The answer must be an exact copy of the lines from the one containing "Dior Medium Lady" through the last line of the records, with the pictures left out.

EXTRACTED MATERIAL Start Marker

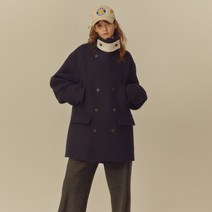[NOHANT] OVERSIZED DOUBLE HALF COAT NAVY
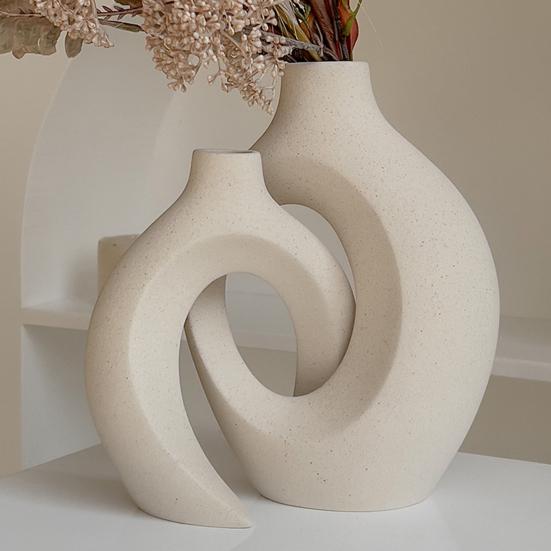 Vase Ornament, Resin Decorative Vase Sculpture, Table Decor for Living Room Bedroom Office Home Balcony Indoor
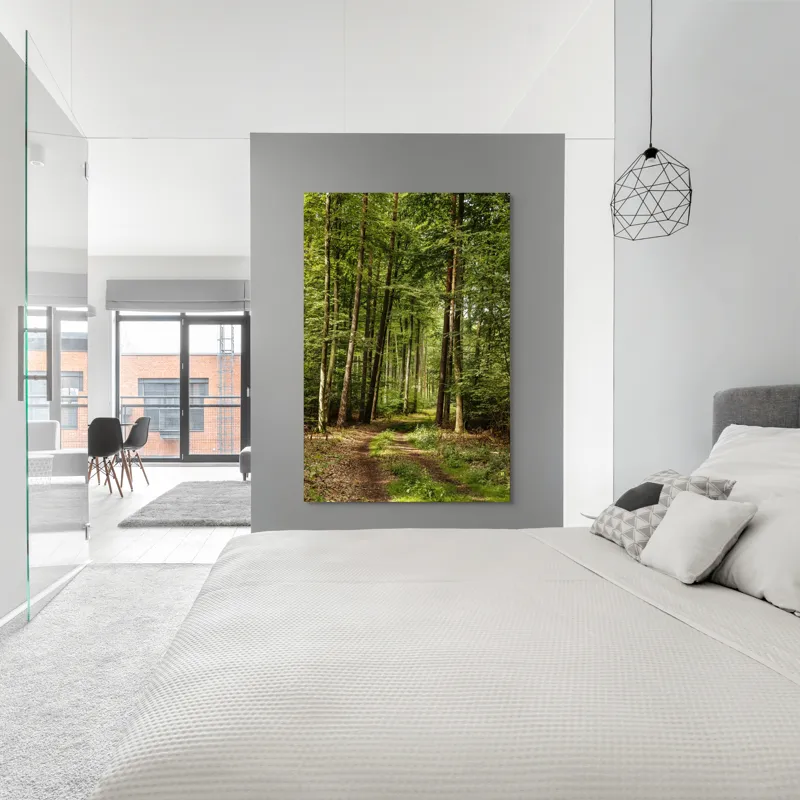 Tablou Canvas, "Cărare prin pădurea liniștită de vară", Pădure, Potecă, Copaci, Lumină, Frunze, Natură, Verde, Tranquilitate, 100 x 150 cm – poza 5
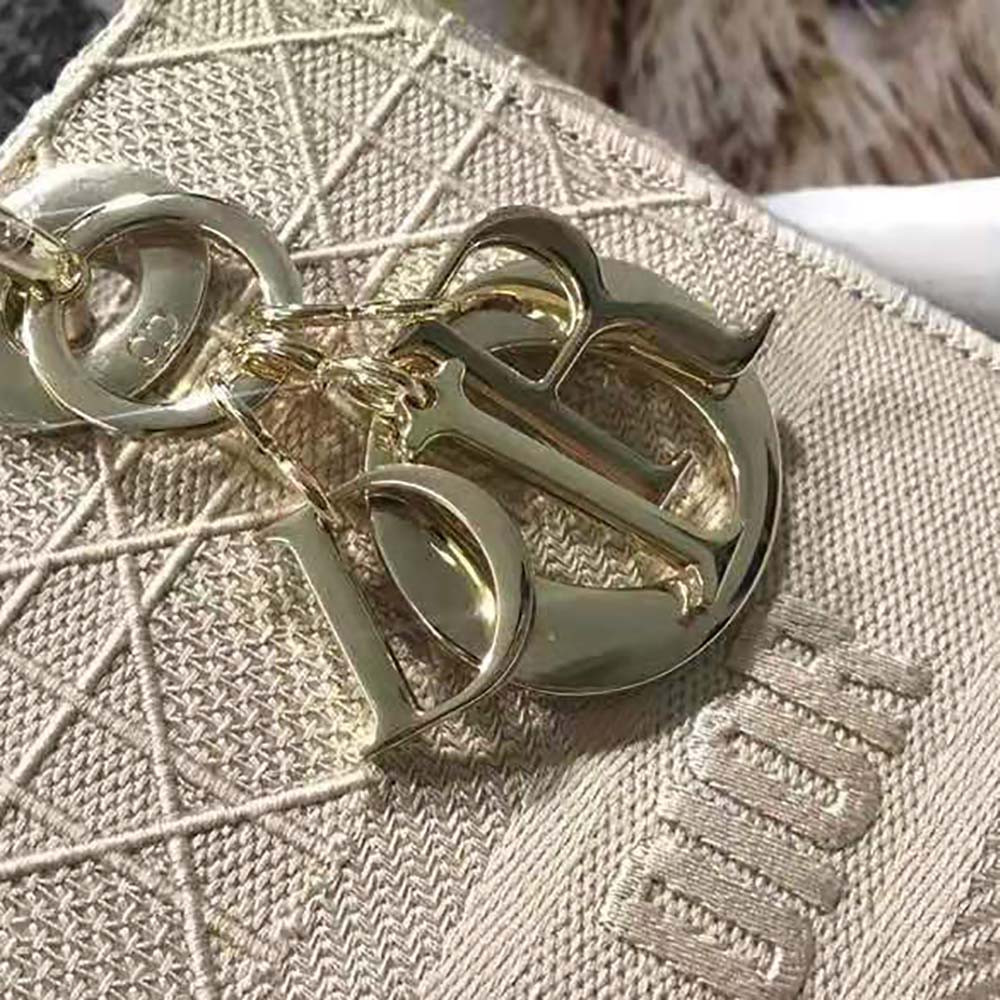 Dior Medium Lady D-Lite Bag Cannage Embroidery-Sandy - image 9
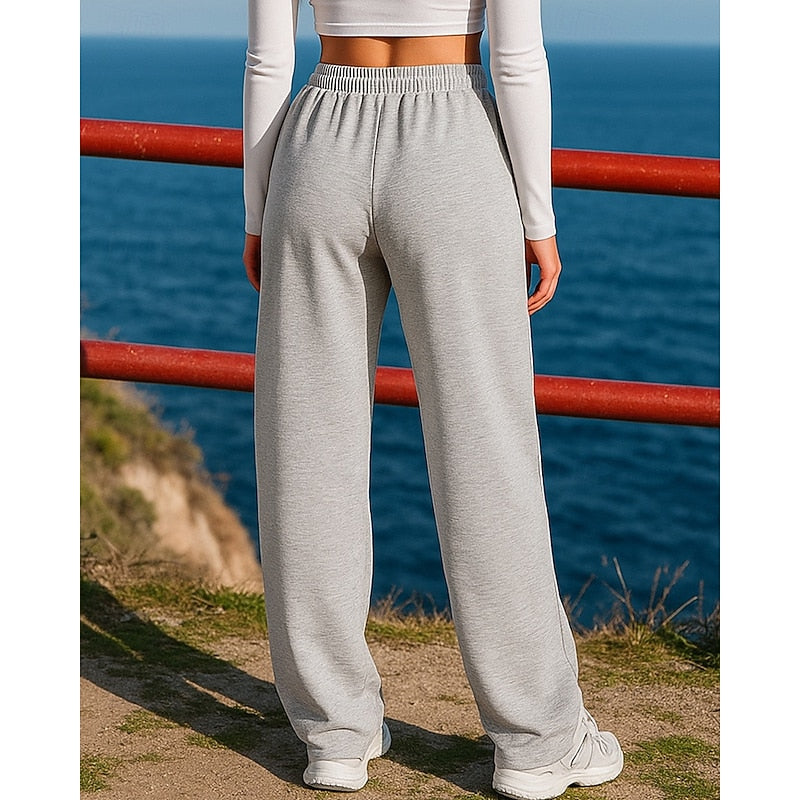 Kessoro women's high-waist wide-leg lounge pants in light grey, dark grey, black and khaki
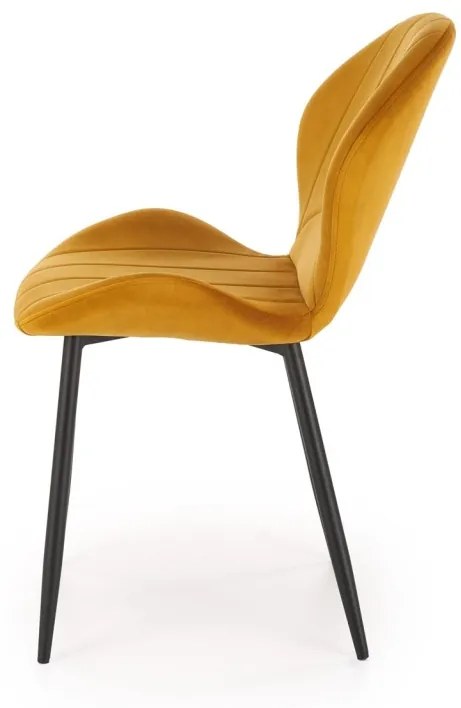 Scaun K538 velvet mustariu H85 cm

EXTRACTED MATERIAL End Marker

• SOLUTION FOR THIS PROBLEM:
 Dior Medium Lady D-Lite Bag Cannage Embroidery-Sandy - image 9
 Kessoro women's high-waist wide-leg lounge pants in light grey, dark grey, black and khaki
 Scaun K538 velvet mustariu H85 cm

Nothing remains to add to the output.